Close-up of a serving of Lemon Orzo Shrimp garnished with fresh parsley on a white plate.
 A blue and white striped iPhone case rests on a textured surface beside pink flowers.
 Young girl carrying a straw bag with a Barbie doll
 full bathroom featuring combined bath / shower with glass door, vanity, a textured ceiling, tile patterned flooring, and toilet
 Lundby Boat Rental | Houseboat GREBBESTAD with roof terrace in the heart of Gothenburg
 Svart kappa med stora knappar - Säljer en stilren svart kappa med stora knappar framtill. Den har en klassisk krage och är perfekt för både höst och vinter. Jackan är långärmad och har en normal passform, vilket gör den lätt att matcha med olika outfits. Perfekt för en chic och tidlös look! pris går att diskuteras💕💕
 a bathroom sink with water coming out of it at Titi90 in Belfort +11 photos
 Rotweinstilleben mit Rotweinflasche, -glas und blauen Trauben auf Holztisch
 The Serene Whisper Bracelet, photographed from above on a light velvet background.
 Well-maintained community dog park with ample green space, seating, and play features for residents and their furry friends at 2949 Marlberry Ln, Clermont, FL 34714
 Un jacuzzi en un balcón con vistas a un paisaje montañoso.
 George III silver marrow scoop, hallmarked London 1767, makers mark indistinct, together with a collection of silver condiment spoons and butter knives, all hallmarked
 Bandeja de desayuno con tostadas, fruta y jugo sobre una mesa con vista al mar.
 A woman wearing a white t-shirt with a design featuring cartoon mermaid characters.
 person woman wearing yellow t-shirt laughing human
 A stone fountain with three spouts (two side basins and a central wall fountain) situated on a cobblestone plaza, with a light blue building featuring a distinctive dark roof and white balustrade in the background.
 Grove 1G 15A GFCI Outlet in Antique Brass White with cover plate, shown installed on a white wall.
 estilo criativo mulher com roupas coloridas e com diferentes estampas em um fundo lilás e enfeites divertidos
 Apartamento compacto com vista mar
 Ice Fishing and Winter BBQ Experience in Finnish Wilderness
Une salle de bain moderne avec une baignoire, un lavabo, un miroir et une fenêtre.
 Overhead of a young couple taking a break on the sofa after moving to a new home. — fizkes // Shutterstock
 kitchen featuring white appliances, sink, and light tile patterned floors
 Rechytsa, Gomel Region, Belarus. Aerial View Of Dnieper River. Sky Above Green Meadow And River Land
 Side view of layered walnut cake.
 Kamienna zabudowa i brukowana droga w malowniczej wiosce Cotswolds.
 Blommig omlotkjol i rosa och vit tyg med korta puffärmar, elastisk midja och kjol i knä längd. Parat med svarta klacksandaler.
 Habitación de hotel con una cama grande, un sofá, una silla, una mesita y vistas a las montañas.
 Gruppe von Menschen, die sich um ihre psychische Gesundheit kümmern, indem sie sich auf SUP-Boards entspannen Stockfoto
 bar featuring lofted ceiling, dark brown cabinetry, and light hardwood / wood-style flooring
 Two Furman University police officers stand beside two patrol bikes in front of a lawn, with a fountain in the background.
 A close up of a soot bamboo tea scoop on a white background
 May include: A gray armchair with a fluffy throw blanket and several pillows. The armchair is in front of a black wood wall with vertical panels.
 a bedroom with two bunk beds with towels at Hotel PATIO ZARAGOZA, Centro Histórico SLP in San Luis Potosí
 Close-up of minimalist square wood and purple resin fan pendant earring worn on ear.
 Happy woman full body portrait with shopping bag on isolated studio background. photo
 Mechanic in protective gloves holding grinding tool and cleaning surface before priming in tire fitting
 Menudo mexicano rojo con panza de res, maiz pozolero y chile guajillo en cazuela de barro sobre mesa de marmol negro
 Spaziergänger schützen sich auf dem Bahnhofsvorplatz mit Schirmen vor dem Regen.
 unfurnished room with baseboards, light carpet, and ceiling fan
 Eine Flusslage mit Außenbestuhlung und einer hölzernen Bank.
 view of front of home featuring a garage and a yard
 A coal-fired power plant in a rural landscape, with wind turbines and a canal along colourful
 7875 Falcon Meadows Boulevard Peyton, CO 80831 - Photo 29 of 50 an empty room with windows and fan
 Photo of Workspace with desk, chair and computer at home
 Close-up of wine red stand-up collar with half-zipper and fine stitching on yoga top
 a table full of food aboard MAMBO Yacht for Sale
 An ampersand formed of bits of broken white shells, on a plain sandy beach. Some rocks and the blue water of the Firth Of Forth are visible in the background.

**********

WHAT YOU ARE ASKED TO DO: Of the entries listed above, reproduce only the lines starting at the line containing "Svart kappa med stora knappar - Säljer" and ending at the line containing "a bathroom sink". Include both, exactly as they stand.

THE COMPLETED TASK:
 Svart kappa med stora knappar - Säljer en stilren svart kappa med stora knappar framtill. Den har en klassisk krage och är perfekt för både höst och vinter. Jackan är långärmad och har en normal passform, vilket gör den lätt att matcha med olika outfits. Perfekt för en chic och tidlös look! pris går att diskuteras💕💕
 a bathroom sink with water coming out of it at Titi90 in Belfort +11 photos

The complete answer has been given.